This article looks at how forex training can teach a trader how to identify and manage bad trades.
Forex training is highly recommended for any beginner trading as it assists in gaining a deeper understanding of the forex market and all the associated aspects. However, one of the most important aspects of a forex training course knows when to cut your losses and leave a bad trade. Furthermore, the trading course should teach individuals how to detect a negative trade and what to do after the negative trade has been completed.
Identifying bad trades
Bad trades display four distinctive characteristics which should be aware of. In fact, an enlightened trader will be able to identify the negative trade via these common indictors:
- One indication of the trade being bad is that it will be placed too close to a potential reversal point. Negative trades with long positions will be placed at the resistance level, and short position trades will be placed near to the support level. When this is done the trade will display higher degrees of risk, lower profit margins and a greater chance of trade loss.
- If there is an appearance of a reversal candlestick chart then one can assume the trade will be disadvantageous. Often this indicator will include a short trade bullish reversal and long trade bearish reversal.
- News releases are optimal indicators of disadvantageous trading. If a release indicates a market movement against the open position, one can expect losses. It is important to note that having open positions during news releases is highly risky and can bring about major losses as the market will usually swing according to global events.
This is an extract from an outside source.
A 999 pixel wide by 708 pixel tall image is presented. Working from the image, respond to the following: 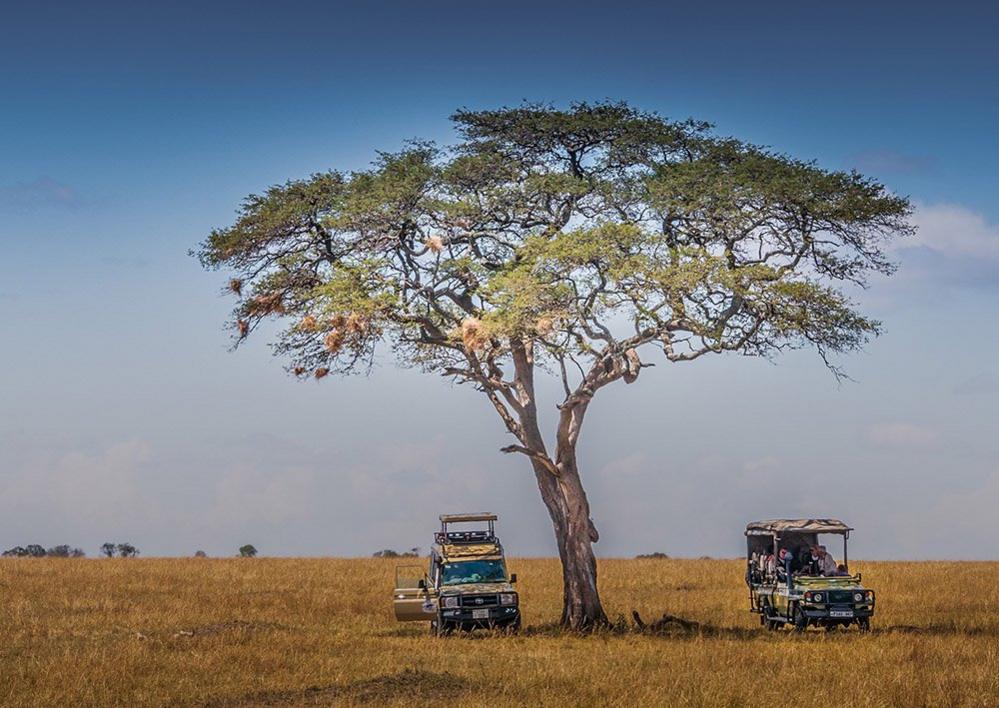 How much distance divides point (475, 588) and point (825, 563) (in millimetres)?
8828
- Losing trades will generally occur if this damaging behaviour is seen in other pairs. For example, if you are trading a EUR/USD paring and are losing, the chances are likely other EUR pairings will be losing as well. If all relevant currency pairings are taking a dip it is best to avoid that trade.
Cutting your losses
When you have identified whether or not the trade is negative you must determine if it is worthwhile to cut your losses. Should it be a bad trade the recommended behaviour is to manually close the position and stop trading. You should not give the trade time to recover as there is a likelihood one may incur further losses. Also you should not trade in an attempt to regain losses as this will be an emotional trade.
Managing your losses with forex training
Once you have closed the negative trade one should follow two steps to handle the situation:
1. Analyse how the trade turned bad.
By discovering the mistake one will be able to learn from it. Check your trading plan and find the turning point which lead to the damaging event. Look for any indicators you may have missed and once you locate these indicators note them. By acknowledging them you may be able to prevent this from happening again.
2. Learning from mistakes.
Instead of forgetting about the bad trade, one should adjust the trading plan according and adapt your trading strategy to ensure this event never occurs again.